Gesendet von meinem 6070K mit Tapatalk


----------



## Honigpumpe (9. Dezember 2017)

MichaelG schrieb:


> Da bin ich mal gespannt ob man Tarantino wirklich an Star Trek heranläßt und was dabei herauskommt. Wird sicher eine interessannte Mischung obwohl ich immer noch meine Zweifel habe, daß er Tarantino-Style zu Star Trek paßt.



Tarantino filmt doch immer nur Füße. Aber was dummes Gesabbel angeht, das hat er drauf. Wenn, müßte Tarantino auch das Drehbuch schreiben. Die dummen Sprüche auf der Brücke würde ich ja gerne hören.

Tarantino als Regisseur kann, glaube ich, so gut wie alles machen. Aber eigentlich ist er ja ein Autorenfilmer. Wenn er nicht das Skript schreibt, kann er bestimmt auch "Star Trek" gut in Szene setzen. Wäre wahrscheinlich 60er-Jahre-Kirk-Retro-Flair.


----------



## MRRadioactiv (9. Dezember 2017)

Ich dachte das Patrick Stewart mal gesagt hat das er nie wieder etwas im StarTrek Universum machen will?! Oder bin ich falsch informiert?


----------



## hawkytonk (9. Dezember 2017)

MichaelG schrieb:


> Da bin ich mal gespannt ob man Tarantino wirklich an Star Trek heranläßt und was dabei herauskommt. Wird sicher eine interessannte Mischung obwohl ich immer noch meine Zweifel habe, daß er Tarantino-Style zu Star Trek paßt.


Wieso sollte Tarantino per se ungeeignet sein? Offenbar kennst du die CSI (Vegas)-Doppelfolge nicht, bei der Tarantino Regie geführt hat. Die war irre spannend und fiel stilistisch nicht aus dem Rahmen der Serie.


----------



## MichaelG (9. Dezember 2017)

*Patrick Stewart will für Tarantinos Star Trek zurückkehren*

Die kenne ich höchstwahrscheinlich doch (das war doch die, wo der eine (afaik Nick Stokes?) aus dem Team lebendig begraben wurde?) 

Ich war eine Zeit lang regelrecht CSI-süchtig bis man es mit den Staffeln und zig Ablegern einfach übertrieben hatte. Dazu die Abzockerei mit den Halbseasonboxen zu so deftigen Preisen wofür andere Firmen fast eine komplette Staffel verkauft haben.

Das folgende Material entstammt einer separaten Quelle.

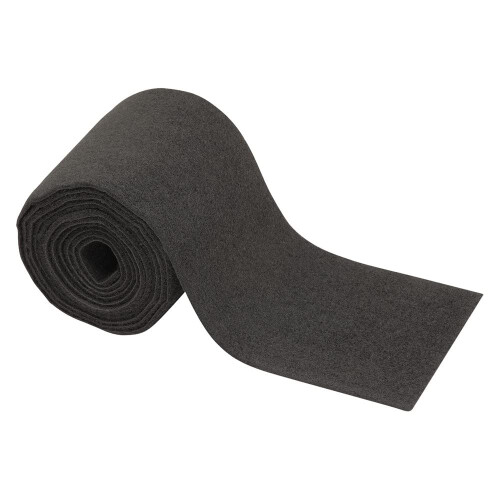 Fulton Fulton Trailer Bunk Carpet Marine Grade 12 polegadas preto CR8012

Als Warrick Brown dann ermordet wurde und danach Grissom und Sara Sidle aus der Serie ausgestiegen waren, war für mich das Interesse an CSI auch vorbei. Zumal durch zig Ableger (Miami, New York u.s.w.) und die zig Crossover zwischen den Serien das Szenario für meinen Geschmack dann irgendwann schlichtweg überreizt wurde.

Die Doppelfolge war aber imho relativ Tarantino-untypisch. Bzw. hat er sich da in Vergleich zu anderen Filmen zurückgehalten.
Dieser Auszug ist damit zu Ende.